Quadratic Number Fields
Updated: Mar 11, 2021
Imagine you have a sphere in R^3 with radius equal to the square root of n. How many points with integer coordinates are there on this sphere? Gauss gave a formula in Disquisitiones Arithmeticae relating this number to the structure of quadratic fields. Generally, the rings of integers of quadratic fields do not have unique factorization into primes, and the failure of unique factorization is measured by the class number. Gauss related the number of integral points on the sphere to the class number.

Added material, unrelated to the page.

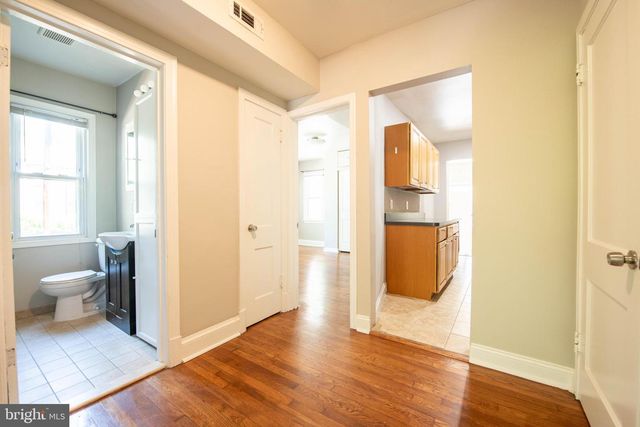 2241 40TH PL NW, Washington, DC 20007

Class numbers are connected to deep mathematics. Proving Gauss’ original conjectures and making them effective took place hand-in-hand with many of the great developments of number theory throughout the twentieth century, including Siegel’s work on zeros of Dirichlet L-functions and work by Gross and Zagier, and Goldfeld on elliptic curves, via ideas that have been important in some of the best theorems to date on the Birch and Swinnerton-Dyer Conjecture.
There’s still a lot we don’t know about class numbers. I have worked on understanding the divisibility properties of the class number. Predictions by Cohen and Lenstra describe many divisibility statistics. However we are a long way from proving their conjectures. I have studied divisibility questions for class numbers of imaginary quadratic fields, and some of their implications for the structure of elliptic curves, and some of my favorite ongoing work deals with class group structure for real quadratic number fields.

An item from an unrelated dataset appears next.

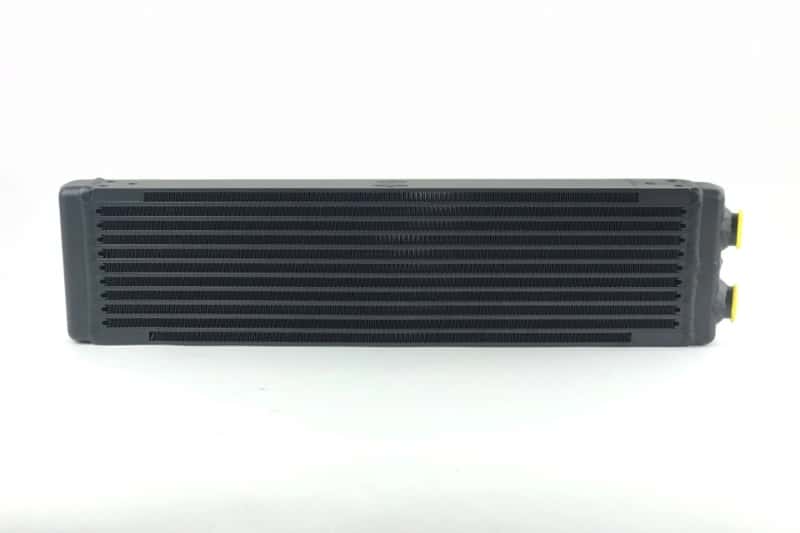 CSF — CSF Universal Dual-Pass Oil Cooler (RS Style) - M22 x 1.5 - 24in L x 5.75in H x 2.16in W
CSF Oil Cooler - view 2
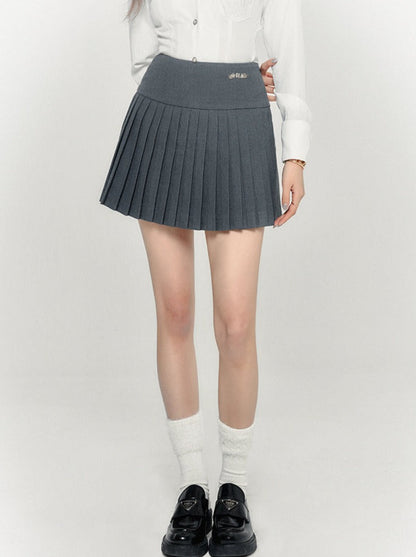 Chemise rétro avec gilet et jupe slim plissée style collège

What are my techniques? Going back to the sphere question, suppose we do what is often done in combinatorics, and take the generating function of the numbers of points. The function you get turns out to have a ton of symmetries in terms of the matrix group SL_2(Z). Functions with these kinds of symmetries are modular forms and are what I use in my research.
Some of my ongoing work is related to the problem of explicitly constructing extensions of number fields with an abelian Galois group. Other than a few cases - the rational numbers and CM fields - it is not known how to construct such extensions. Famous conjectures of Stark relate the extensions to values of certain L-functions. My ongoing work expresses some of these values in terms of a type of modular form called “polyharmonic Maass forms". The study of such functions is a fairly new area, as only a few examples have appeared in the literature so far, which means that there are a lot of tantalizing questions about them that haven't yet been explored.